July redemptions equaled about 0.2% of assets held in stock and bond funds.
SI said the extraordinary decline of stock prices in early August resulted, not surprisingly, in accelerating redemption. In the first week of August, SI estimates that stock fund net redemptions equaled about 0.3% of the more than $6 trillion held in equity funds. Meanwhile, the dramatic volatility of the second week may have resulted in further stock fund net withdrawals of about 0.5% of stock fund assets.

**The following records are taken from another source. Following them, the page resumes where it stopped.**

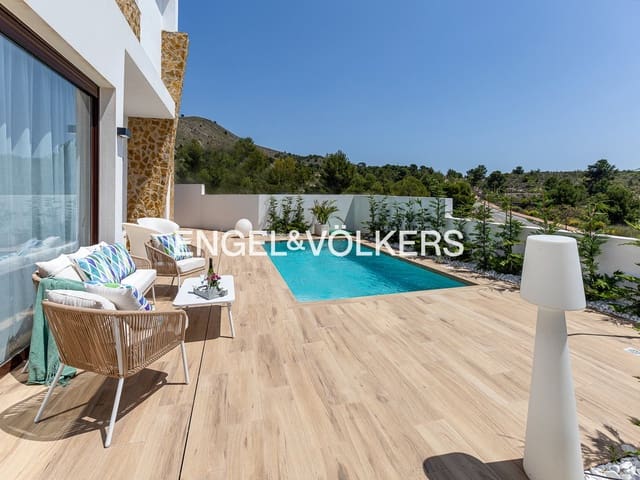 Chalet de 4 habitaciones en Finestrat Pueblo, Finestrat en venta con piscina garaje - 730.000 € (Ref: 9832316)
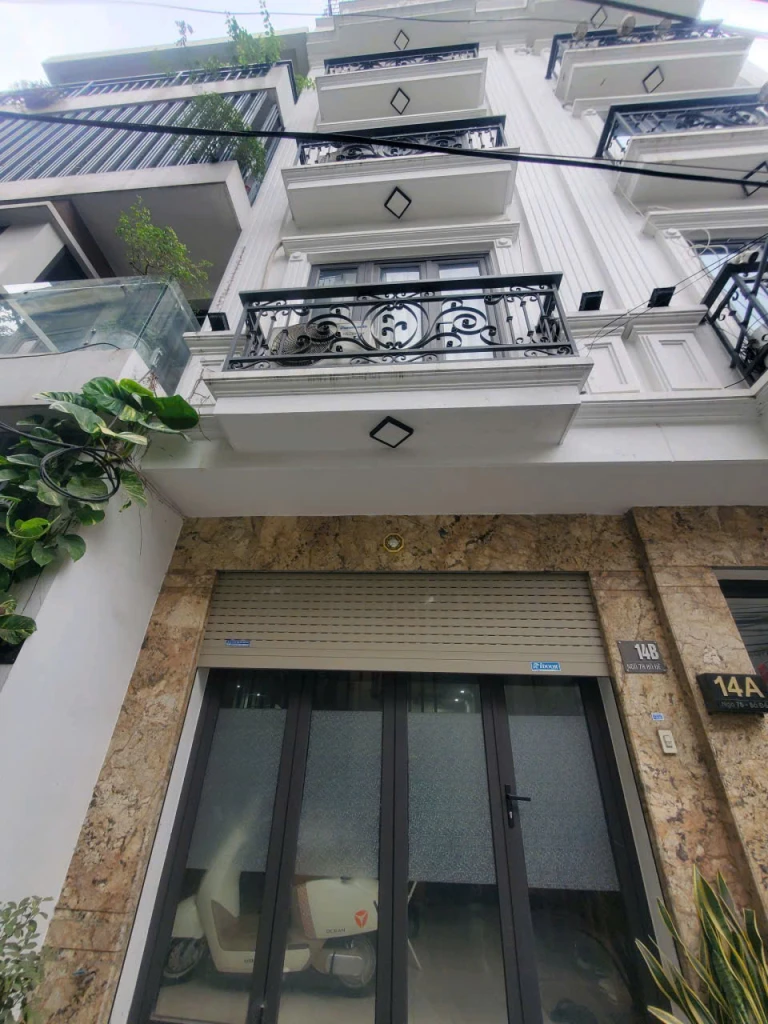 Bán nhà Bồ Đề,Long Biên 5 tầng,46m sát phố nhỉnh 11 tỷ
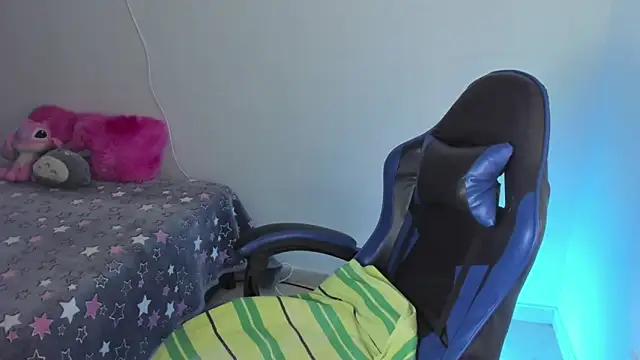 Snapshot of roseliam25 chatting on February 28, 2:07 pm roseliam25 online show from February 28, 2:07 pm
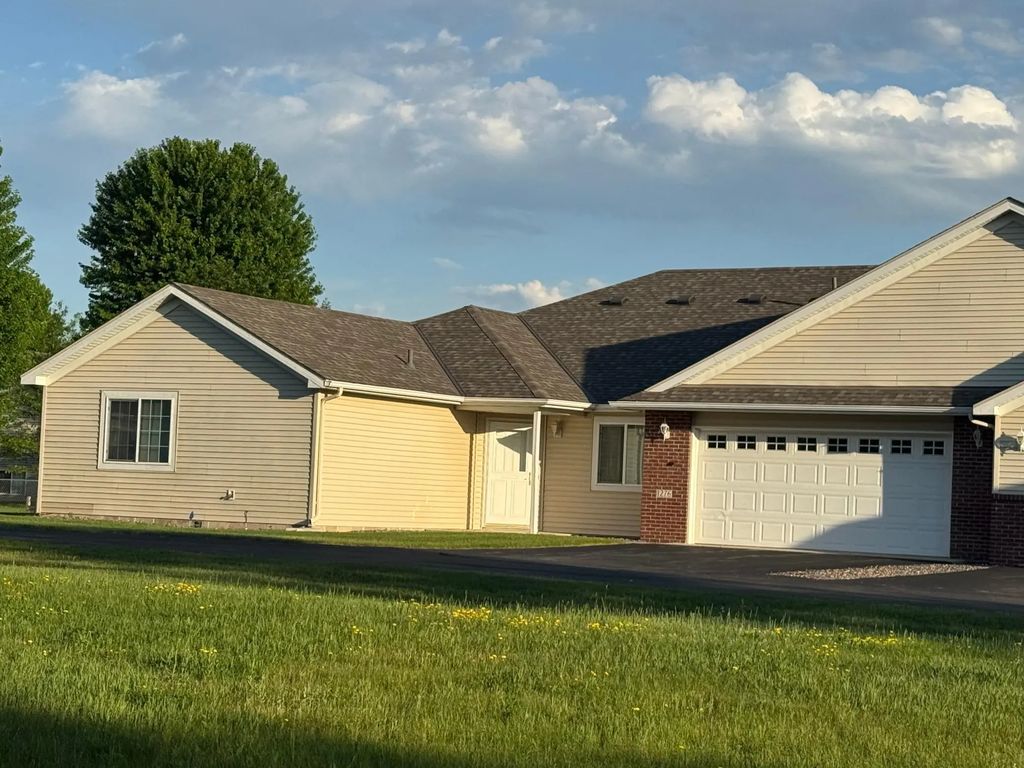 1276 Heritage Lane, Waite Park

These ratios – suggesting that just $3 to $5 out of $1,000 invested in stock funds net redeemed during each week of the market extreme volatility – are nevertheless reassuring, and in line with historical redemption patterns studied by SI over the past 20 years and before.

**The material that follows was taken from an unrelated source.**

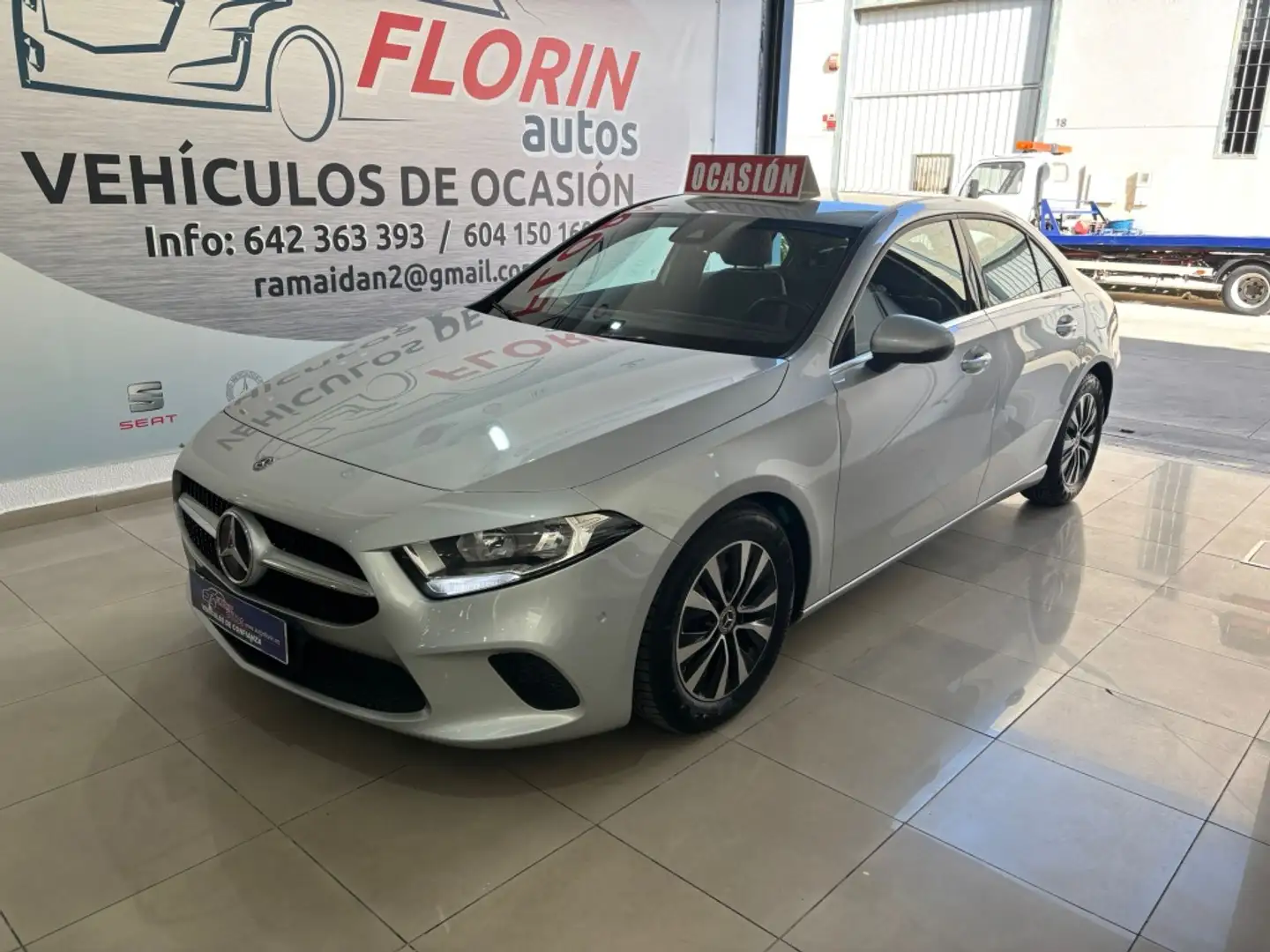 Mercedes-Benz A 180 180d Sedán 7G-DCT Gris - 2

July’s fund flows data already suggested fragile investor confidence. In July 2011, bond mutual funds saw net inflows of $8.4 billion, led by demand for global and emerging markets bonds, as investors continued to put money into taxable bond funds in a search for alternatives to low-yielding cash vehicles and as low-risk ways of participating in financial markets. Through the first seven months of 2011, bond funds saw net inflows of $77 billion, a healthy pace if off from 2010’s pace. Strategic Insight expects demand for select bond funds to persist as near zero yields on cash and stock market high anxiety certain to persist for a long time.
Demand for stock funds weakened in July and redemptions spiked in early August. (Notably, positive inflows into stock ETFs roughly matched traditional equity funds’ outflows in July.) U.S. equity mutual funds saw net outflows of $23 billion in July, and international/global equity funds saw net outflows of nearly $1 billion.Money-market funds saw net outflows of $113 billion in July. This represented a widening of outflows from June, when money funds saw net outflows of $44 billion.